- [Work item]
Copy out the data from the line containing "KOTEK Bunk Bed" to its last line, exactly. No pictures.

- [Information supplied]
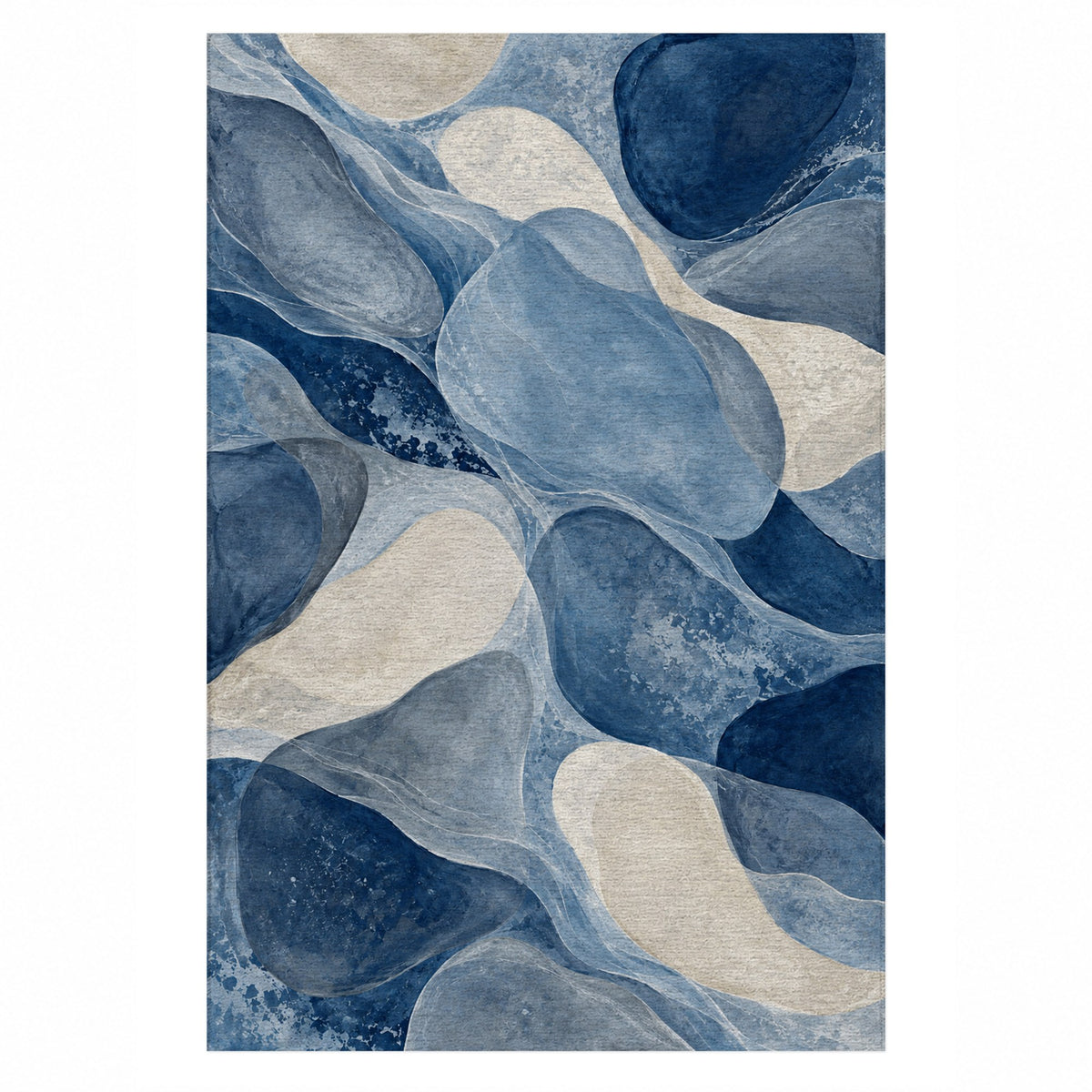 Sea Glass Indigo Abstract Washable Rug — top view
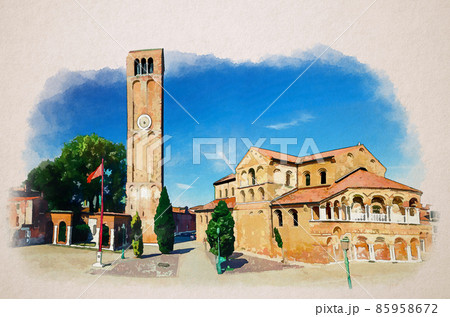 Watercolor drawing of Church of Santa Maria e San Donato and bell tower brick building on Campo San Donato square in Murano islands 85958672
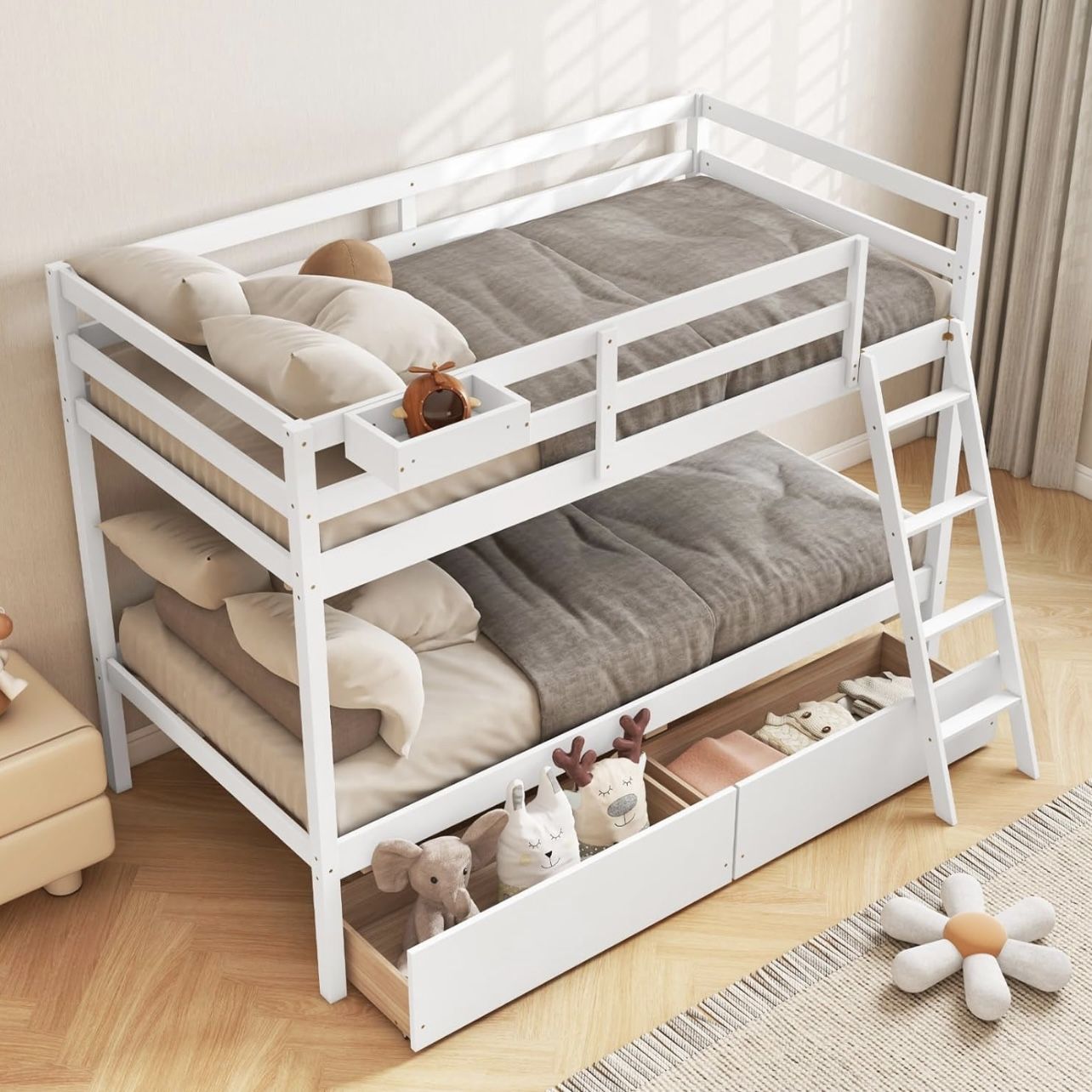 KOTEK Bunk Bed Twin Over Twin with 2 Storage Drawers, Solid Wood Bunk Bed Frame with Storage Cube, Guardrails, Ladder, No Box Spring Needed, Twin Bunk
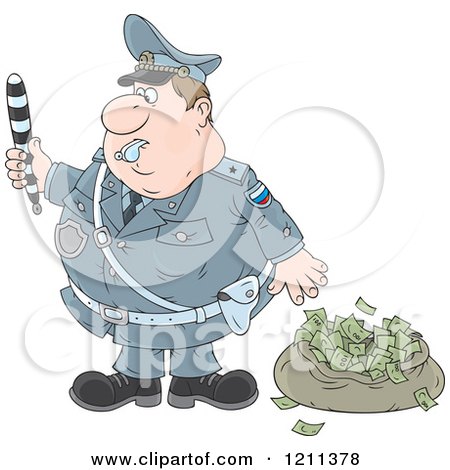 Cartoon of a Police Officer Waving a Baton by a Bag of Money After Chasing Away a Robber - Royalty Free Vector Clipart by Alex Bannykh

- [Answer section]
 KOTEK Bunk Bed Twin Over Twin with 2 Storage Drawers, Solid Wood Bunk Bed Frame with Storage Cube, Guardrails, Ladder, No Box Spring Needed, Twin Bunk
 Cartoon of a Police Officer Waving a Baton by a Bag of Money After Chasing Away a Robber - Royalty Free Vector Clipart by Alex Bannykh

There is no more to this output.